Так, духовный путь протопопа Аввакума начинается с потрясения, «видев у соседа скотину умершу». В особой степени это касается человека на войне, тем более непрофессионального военного, какими в массе своей были русские дворяне на службе в XVIII веке. Рефлексия о войне и страх смертный отличают и автобиографические тексты Л. Н. Толстого[24], которые с высот достигнутого к концу имперского периода уровня рефлексии подводят итоги эпохе. Особое внимание в религиозной автобиографике уделяется переходным периодам от и к вечности, детству и старости. И в общем «претерпению» разного рода экстремальных состояний.
В качестве феномена религиозной жизни следует понимать как ритуалы, которые ассоциируются с «внешней» и традиционной религиозностью: службы, требы, пост, участие в таинствах и т. п., так и рефлексивные практики новой религиозной культуры, которые условно можно назвать «внутренними» (чтение, личная молитва), хотя в реальности они тесно связаны с «внешним». В этом же ряду осмысление категорий, имеющих экзистенциальное значение – таких, как время и пространство (Маркер)[25].
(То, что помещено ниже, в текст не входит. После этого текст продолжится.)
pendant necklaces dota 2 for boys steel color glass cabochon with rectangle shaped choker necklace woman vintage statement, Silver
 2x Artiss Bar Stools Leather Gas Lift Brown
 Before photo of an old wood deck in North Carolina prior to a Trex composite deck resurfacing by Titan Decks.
С пространством, с одной стороны, и с дорогой как метафорой жизненного пути и предприятием на грани жизни и смерти – с другой, соотносится сакральный травелог паломничества (см. Сдвижков, Феофанов)[26] или дневники миссионеров[27].
В случае миссионеров ведение дневников не только поощрялось, но и прямо предписывалось. Такого рода побуждение к самовысказыванию – общая черта автобиографики Европы раннего Нового времени: родители ожидали ведения дневников от детей, мужья – от жен, исповедники – от своих духовных чад[28]. С развитием личности и культурной традиции автобиографики обязанность превращается в привычку, привычка – во внутреннюю потребность.
Дневники могли использоваться верующими и для внутреннего диалога о тех аспектах внешнего мира, которые, по их представлениям, соотносились с их внутренним духовным миром (ср. Лукашевич о размышлениях Н. Лескова над дневником священника, связанных с необходимостью церковных реформ). Или эти внешние факторы были настолько неотделимы от самосознания, что их невозможно было обойти, даже посвящая себя исключительно миру духовному (ср. Запальский). Сакральное и секулярное для православных верующих сплетались воедино.
Но фундаментальная разница с секулярными текстами – в смыслах, которые вкладываются в высказывание о себе. В религиозной автобиографике это не может быть диалог с самим собой, выстраивание автономного мира Я, но всегда обращение поверх него. Будь то размышление, молитва, исповедь или увещание и назидание (oikodomē/aedifikatio, 1 Кор. 14: 3). Помимо Бога как виртуального собеседника или свидетеля, адресатом может выступать собственная семья, потомки, община, определенная группа, вся церковь, а то и вся страна/нация/общество.